Data provided section start
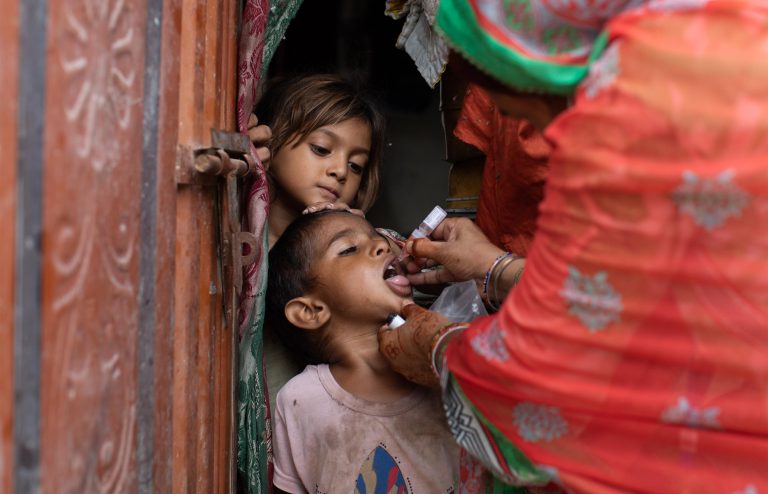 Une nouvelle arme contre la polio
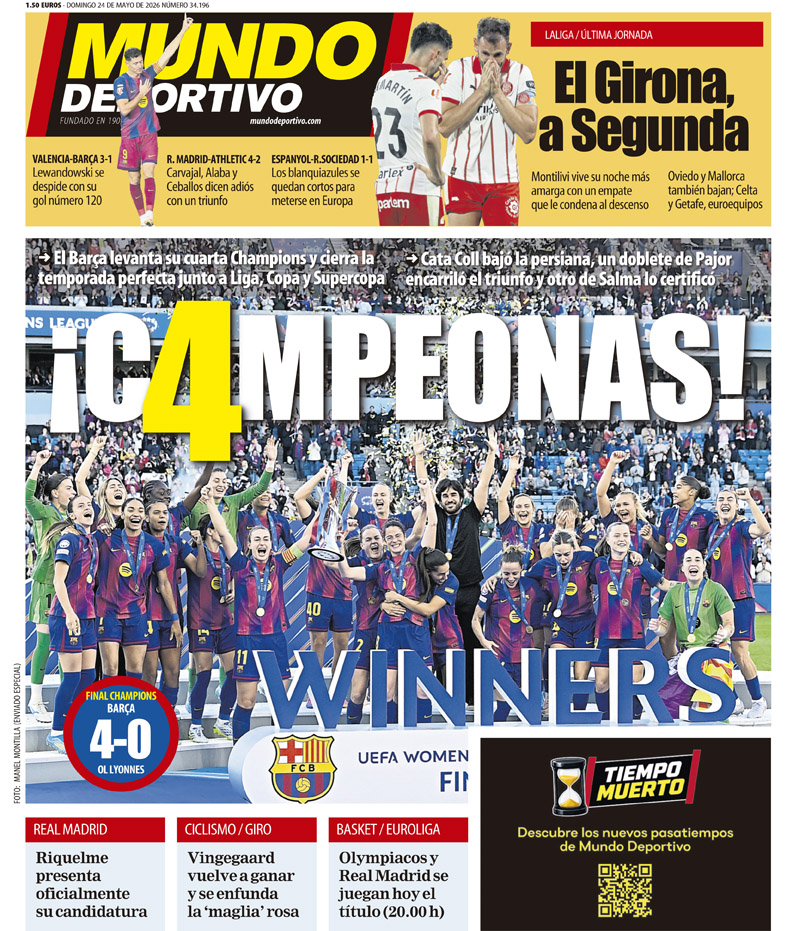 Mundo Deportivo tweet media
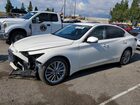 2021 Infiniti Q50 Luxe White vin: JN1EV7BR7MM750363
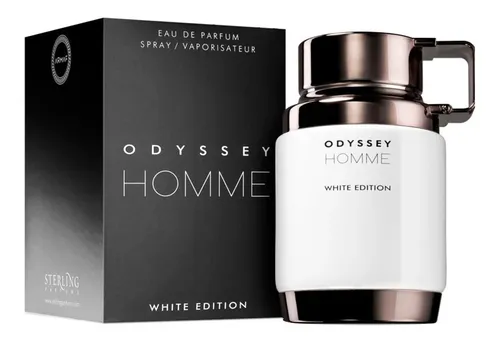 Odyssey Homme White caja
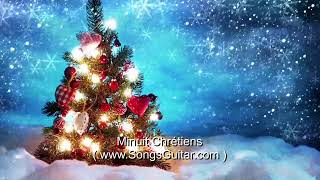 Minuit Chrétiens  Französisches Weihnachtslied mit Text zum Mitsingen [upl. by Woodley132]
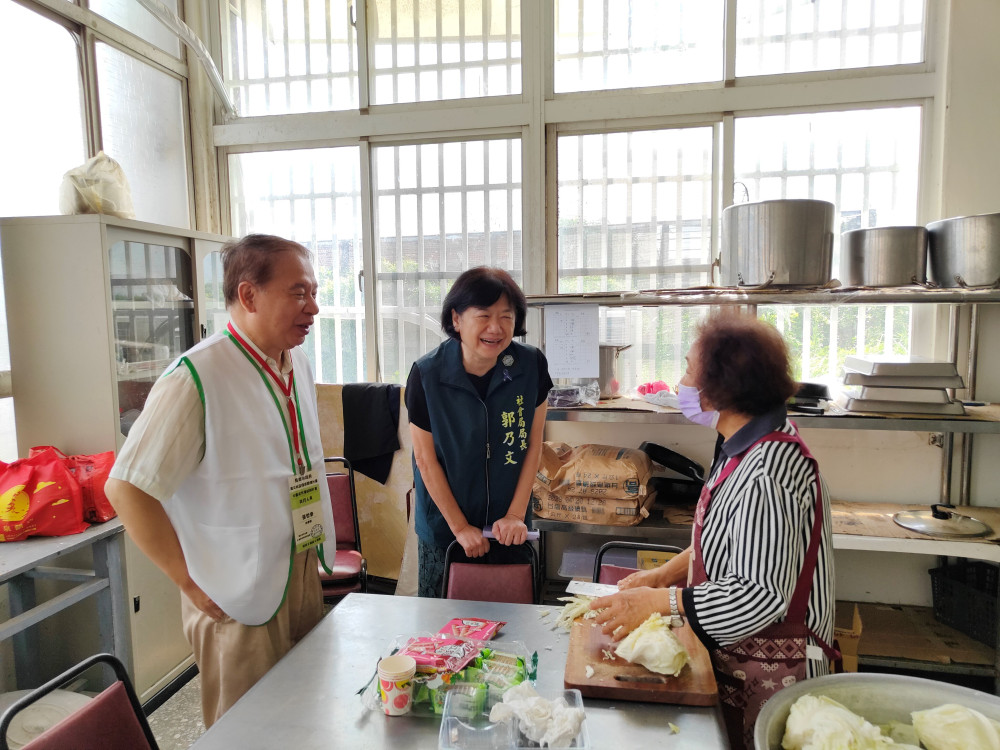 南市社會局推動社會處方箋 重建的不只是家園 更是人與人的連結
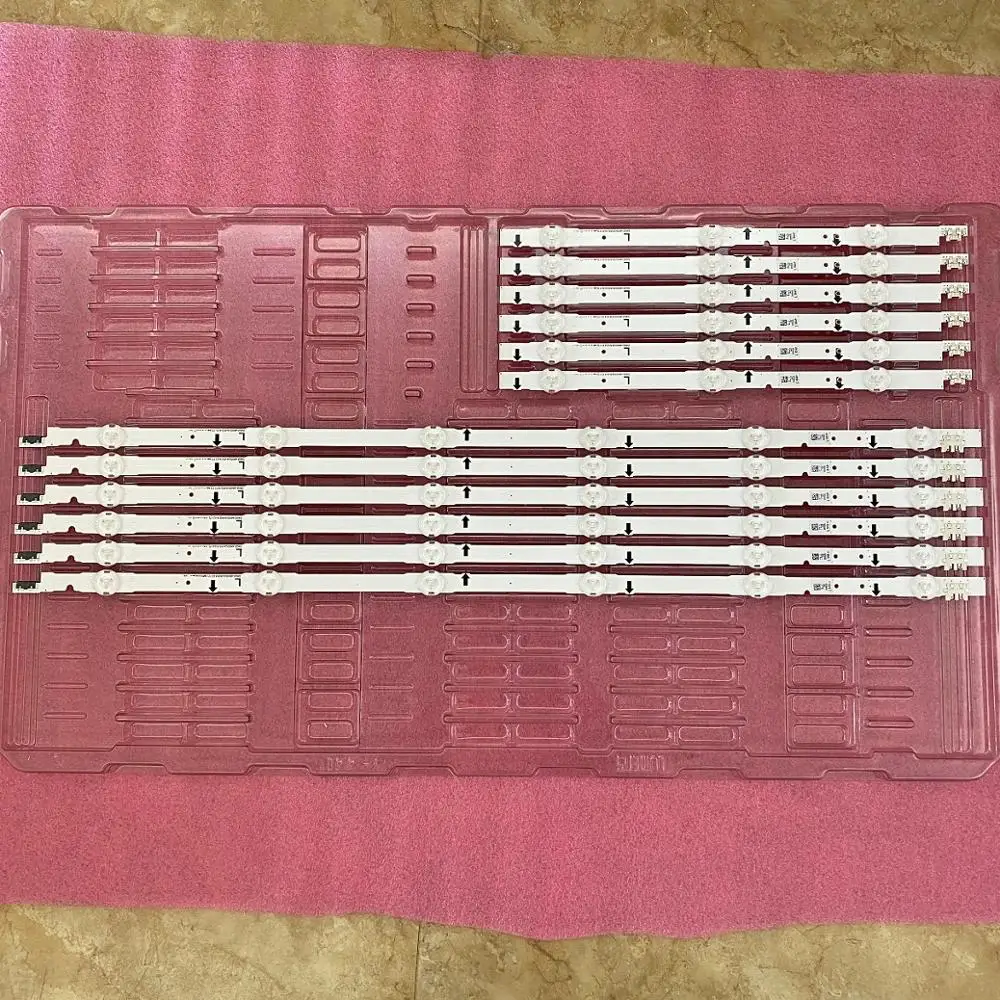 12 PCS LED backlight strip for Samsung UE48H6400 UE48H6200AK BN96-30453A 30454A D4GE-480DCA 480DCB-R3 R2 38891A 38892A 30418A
Data provided section end
• The problem: Each record should be written out exactly, and each image should be omitted.

• Task answer:
 Une nouvelle arme contre la polio
 Mundo Deportivo tweet media
 2021 Infiniti Q50 Luxe White vin: JN1EV7BR7MM750363
 Odyssey Homme White caja
 Minuit Chrétiens  Französisches Weihnachtslied mit Text zum Mitsingen [upl. by Woodley132]
 南市社會局推動社會處方箋 重建的不只是家園 更是人與人的連結
 12 PCS LED backlight strip for Samsung UE48H6400 UE48H6200AK BN96-30453A 30454A D4GE-480DCA 480DCB-R3 R2 38891A 38892A 30418A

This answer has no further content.